◆ **WHAT YOU WILL DO**
Exclude the pictures, then quote exactly the lines from the one holding "Kitchen Pot and" through the last line of the records.

***** DATA SECTION *****

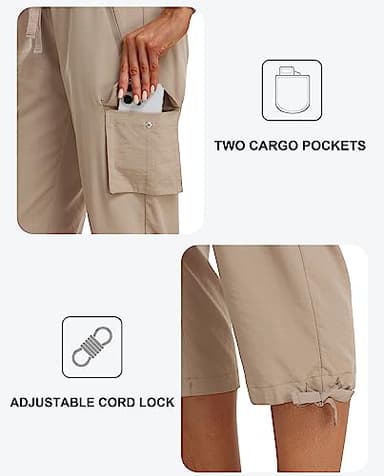 MoFiz Womens Capris with Pockets Loose Fit Casual Capri Pants Lightweight Ladies Cargo Pants for Hiking Khaki 2XL - Image 4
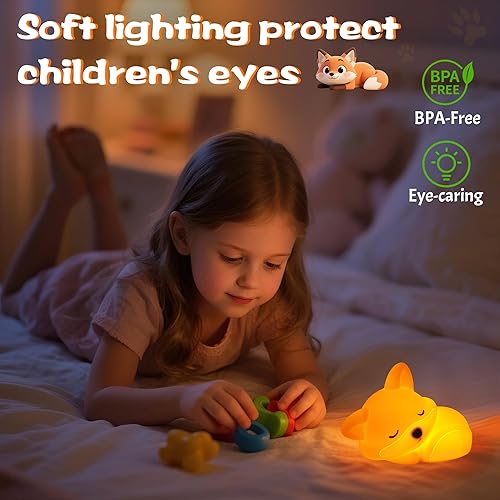 Miniatura 4 de Lampeez Luz nocturna de zorro, bonitos regalos de zorro, lámpara de silicona suave, luz nocturna LED táctil, decoración de dormitorio como regalo de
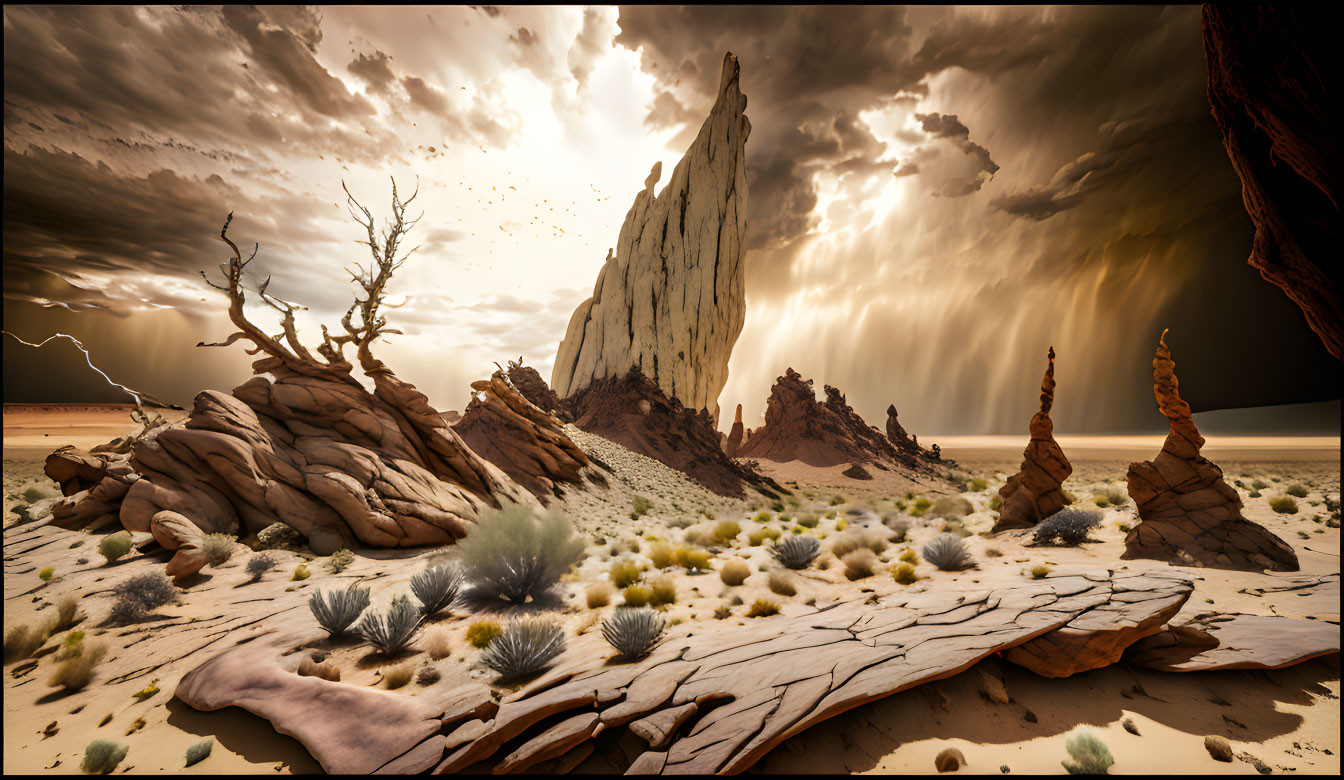 Dramatic desert landscape with towering rock formations and stormy skies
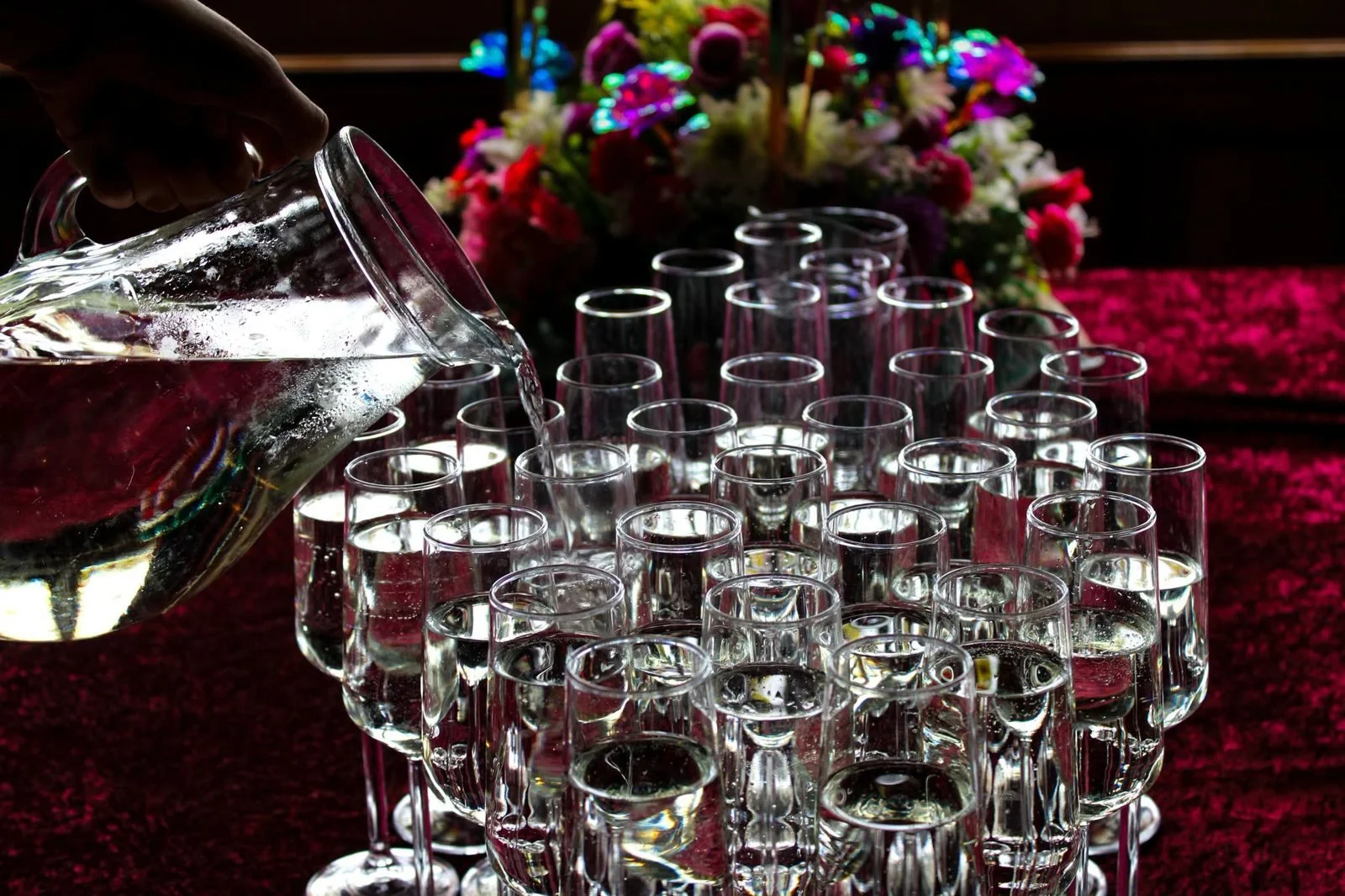 Glasses being filled for a wedding toast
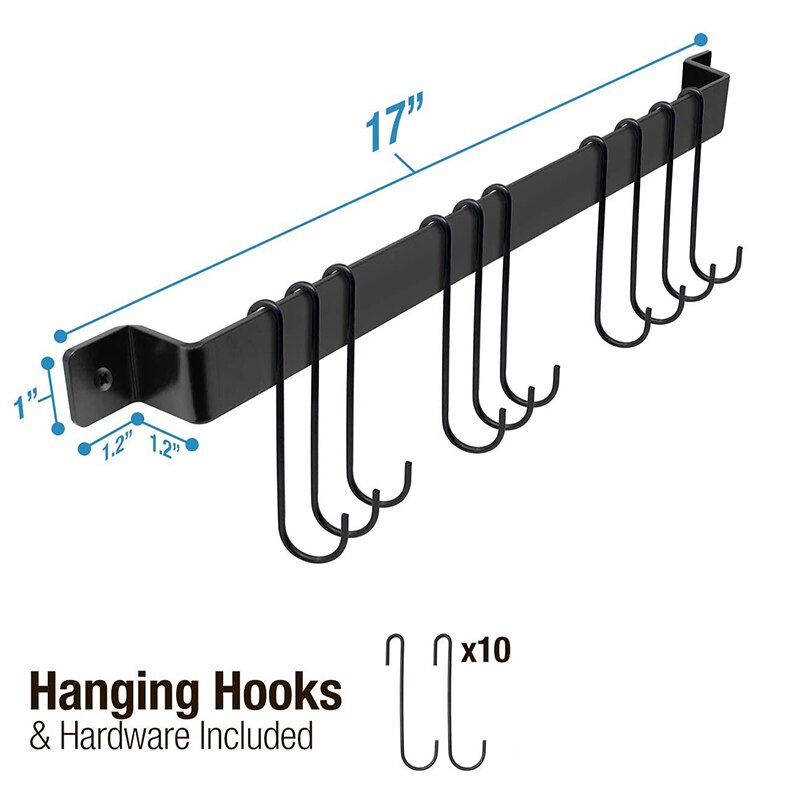 Kitchen Pot and Pan Hanger Rail Bar Rack Wall Mounted 17 Inch with 10 Hooks, Utensil & Cookware Hangers, Industrial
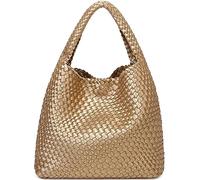 Queenoris, Borsa da donna in tessuto, alla moda, con manico superiore, morbida borsa a tracolla estiva, tote bag stile hobo, dorato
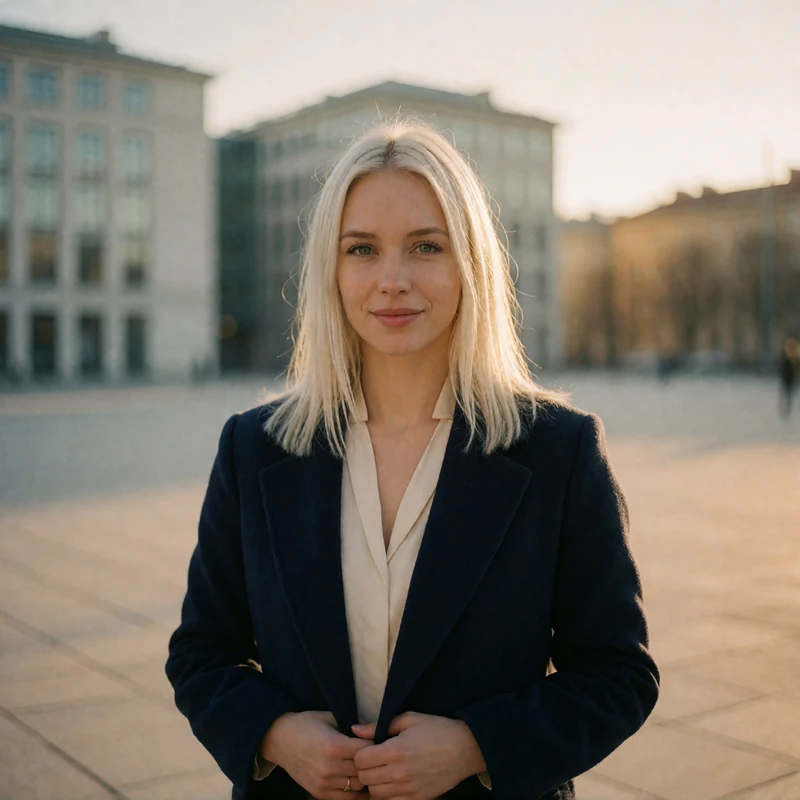 Verified Belarusian dating member with platinum-blonde hair standing on a city plaza in Minsk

*****

◆ **RESPONSE AREA**
 Kitchen Pot and Pan Hanger Rail Bar Rack Wall Mounted 17 Inch with 10 Hooks, Utensil & Cookware Hangers, Industrial
 Queenoris, Borsa da donna in tessuto, alla moda, con manico superiore, morbida borsa a tracolla estiva, tote bag stile hobo, dorato
 Verified Belarusian dating member with platinum-blonde hair standing on a city plaza in Minsk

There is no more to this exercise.